Guest Blogger – Michigan Mary
Most people know that recycling is good for the environment and many households engage in this activity because of this understood notion. However, the national recycling rate currently stands at approximately 32 percent which indicates that a good chunk of the American population is not engaging in this activity regardless of the implications. Here at RE3.org we recently heard about a program that makes sense to us, it’s called Recycle Bank and it is a program that actually pays people to recycle. Pretty cool concept, right?
Any initiative is bound to be more successful when individuals are receiving a direct incentive to engage in the activity. In fact the pilot programs for Recycle Bank were so successful that the initial communities went from recycling seven percent and 35 percent respectively to a 90 percent participation rate in both communities. Since then Recycle Bank has expanded to 90 municipalities and services 210,000 households. So far Recycle Bank has been able to more than double the recycling statistics in each of these communities.

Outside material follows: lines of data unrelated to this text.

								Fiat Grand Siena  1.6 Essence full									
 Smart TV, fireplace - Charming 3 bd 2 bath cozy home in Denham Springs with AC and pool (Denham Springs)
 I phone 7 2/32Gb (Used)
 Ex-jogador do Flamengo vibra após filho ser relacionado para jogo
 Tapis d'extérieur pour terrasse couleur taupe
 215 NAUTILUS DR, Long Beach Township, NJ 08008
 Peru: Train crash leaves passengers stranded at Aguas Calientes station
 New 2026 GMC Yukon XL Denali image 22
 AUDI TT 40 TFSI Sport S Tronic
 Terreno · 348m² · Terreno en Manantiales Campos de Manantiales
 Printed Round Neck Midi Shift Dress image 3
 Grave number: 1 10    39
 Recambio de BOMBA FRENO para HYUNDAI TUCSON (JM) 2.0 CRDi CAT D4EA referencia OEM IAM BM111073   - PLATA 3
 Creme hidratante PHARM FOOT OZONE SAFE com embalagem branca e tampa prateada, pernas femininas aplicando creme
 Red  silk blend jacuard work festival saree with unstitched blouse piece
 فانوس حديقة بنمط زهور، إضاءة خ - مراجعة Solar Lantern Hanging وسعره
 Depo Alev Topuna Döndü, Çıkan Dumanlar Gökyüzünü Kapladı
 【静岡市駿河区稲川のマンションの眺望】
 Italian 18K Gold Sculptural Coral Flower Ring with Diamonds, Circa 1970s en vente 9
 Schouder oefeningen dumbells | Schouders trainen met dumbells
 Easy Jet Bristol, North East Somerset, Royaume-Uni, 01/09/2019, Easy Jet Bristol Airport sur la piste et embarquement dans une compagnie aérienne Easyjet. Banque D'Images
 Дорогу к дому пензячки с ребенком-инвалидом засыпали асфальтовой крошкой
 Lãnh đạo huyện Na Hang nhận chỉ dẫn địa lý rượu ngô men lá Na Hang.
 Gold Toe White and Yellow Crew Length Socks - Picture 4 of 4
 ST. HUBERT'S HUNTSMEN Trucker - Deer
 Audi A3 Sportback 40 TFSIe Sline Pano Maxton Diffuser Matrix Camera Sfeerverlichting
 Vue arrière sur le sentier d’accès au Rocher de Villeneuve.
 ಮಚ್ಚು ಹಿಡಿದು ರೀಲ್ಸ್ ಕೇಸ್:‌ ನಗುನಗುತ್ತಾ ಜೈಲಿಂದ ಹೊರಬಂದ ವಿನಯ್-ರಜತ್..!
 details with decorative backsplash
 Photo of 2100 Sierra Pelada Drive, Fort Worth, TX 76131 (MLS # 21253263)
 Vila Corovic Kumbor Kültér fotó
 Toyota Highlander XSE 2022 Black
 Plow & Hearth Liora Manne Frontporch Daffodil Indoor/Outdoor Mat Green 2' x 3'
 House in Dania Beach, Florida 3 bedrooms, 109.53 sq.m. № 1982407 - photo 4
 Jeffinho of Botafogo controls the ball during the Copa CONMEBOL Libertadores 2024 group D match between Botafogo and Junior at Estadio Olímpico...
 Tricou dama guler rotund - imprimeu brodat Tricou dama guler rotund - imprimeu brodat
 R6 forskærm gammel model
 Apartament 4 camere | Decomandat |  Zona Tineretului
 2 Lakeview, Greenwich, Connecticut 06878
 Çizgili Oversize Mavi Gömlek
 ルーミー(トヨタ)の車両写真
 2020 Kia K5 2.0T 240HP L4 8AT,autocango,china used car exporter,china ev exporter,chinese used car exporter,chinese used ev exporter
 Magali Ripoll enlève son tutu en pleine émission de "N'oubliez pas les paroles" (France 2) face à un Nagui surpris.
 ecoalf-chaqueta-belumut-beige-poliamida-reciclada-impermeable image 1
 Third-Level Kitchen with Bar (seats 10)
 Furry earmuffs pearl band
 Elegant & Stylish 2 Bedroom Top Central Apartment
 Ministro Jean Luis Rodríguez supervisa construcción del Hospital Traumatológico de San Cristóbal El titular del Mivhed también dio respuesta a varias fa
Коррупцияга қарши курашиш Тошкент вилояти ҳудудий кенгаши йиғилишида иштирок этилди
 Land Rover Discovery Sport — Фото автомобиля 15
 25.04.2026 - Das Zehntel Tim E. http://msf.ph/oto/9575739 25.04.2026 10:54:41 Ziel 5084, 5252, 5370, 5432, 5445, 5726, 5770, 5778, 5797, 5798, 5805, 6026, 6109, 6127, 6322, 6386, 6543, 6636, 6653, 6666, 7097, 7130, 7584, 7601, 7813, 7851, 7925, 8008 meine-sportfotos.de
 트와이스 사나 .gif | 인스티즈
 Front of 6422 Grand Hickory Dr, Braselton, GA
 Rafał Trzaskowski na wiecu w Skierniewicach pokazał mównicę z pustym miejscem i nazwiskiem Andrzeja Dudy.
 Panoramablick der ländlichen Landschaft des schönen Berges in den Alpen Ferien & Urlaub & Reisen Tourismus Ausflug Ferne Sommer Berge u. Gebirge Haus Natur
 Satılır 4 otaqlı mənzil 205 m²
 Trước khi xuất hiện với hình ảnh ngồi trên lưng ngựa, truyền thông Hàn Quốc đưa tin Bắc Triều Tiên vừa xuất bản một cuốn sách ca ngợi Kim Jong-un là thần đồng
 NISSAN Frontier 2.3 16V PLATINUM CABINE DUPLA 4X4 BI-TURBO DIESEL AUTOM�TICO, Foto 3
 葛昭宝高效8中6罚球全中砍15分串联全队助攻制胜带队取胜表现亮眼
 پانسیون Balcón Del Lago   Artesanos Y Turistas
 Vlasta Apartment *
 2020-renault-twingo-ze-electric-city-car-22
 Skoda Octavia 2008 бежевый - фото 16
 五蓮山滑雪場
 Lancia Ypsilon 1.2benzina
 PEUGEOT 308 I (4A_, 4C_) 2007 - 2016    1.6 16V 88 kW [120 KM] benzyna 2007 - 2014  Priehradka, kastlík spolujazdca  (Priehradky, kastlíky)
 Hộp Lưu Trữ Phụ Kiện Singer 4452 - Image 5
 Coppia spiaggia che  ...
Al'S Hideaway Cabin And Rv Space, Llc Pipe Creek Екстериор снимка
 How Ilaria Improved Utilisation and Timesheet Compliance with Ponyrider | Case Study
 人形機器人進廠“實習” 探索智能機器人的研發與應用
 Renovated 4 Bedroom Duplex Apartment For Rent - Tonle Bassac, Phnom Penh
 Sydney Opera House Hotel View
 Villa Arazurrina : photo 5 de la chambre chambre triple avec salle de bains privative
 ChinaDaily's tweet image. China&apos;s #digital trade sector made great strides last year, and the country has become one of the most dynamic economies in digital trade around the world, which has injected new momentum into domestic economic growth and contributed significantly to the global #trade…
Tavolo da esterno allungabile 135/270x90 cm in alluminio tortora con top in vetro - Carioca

The program works by putting a bar code on the side of the receptacle and weighing the amount of recycled materials each week produced by the household. Then the families are given a corresponding amount of points which can be redeemed for gift cards at places like Starbucks and Whole Foods. Larger stores like Bed Bath and Beyond and Target have also added their names to the list of eligible reward locations.
Recycle Bank is actively attempting to recruit more municipalities; however, there are some logistical hurdles that make it difficult for all communities to adopt this progressive program. First and foremost there is inherently a significant start up cost with this type of program. The city must invest in new infrastructure to enable the program to run as it is intended. The Recycle Bank bins are larger than the average recycling container and cost upwards of $85 a pop, which multiplied by a city the size of Raleigh is a significant initial investment.
However, it is vital that cities understand the essential nature of thinking about the long-term benefits of the program rather than the short-term obstacles. Although it is necessary to incur an initial financial hit communities must take into account the vast benefits of a stable and thriving recycling program. Markets for recycled products are currently depressed. When they do pick up again communities with effective and efficient programs will be able to garner vast financial benefits from the implementation of this noted program.
Recycle Bank is mutually beneficial for the consumer, businesses and municipalities. Cities need its citizens to encourage their local governments to think “outside the box” to come up with ways to innovate and improve their services. Do your part by contacting your local government and asking them about considering this exciting and original recycling initiative.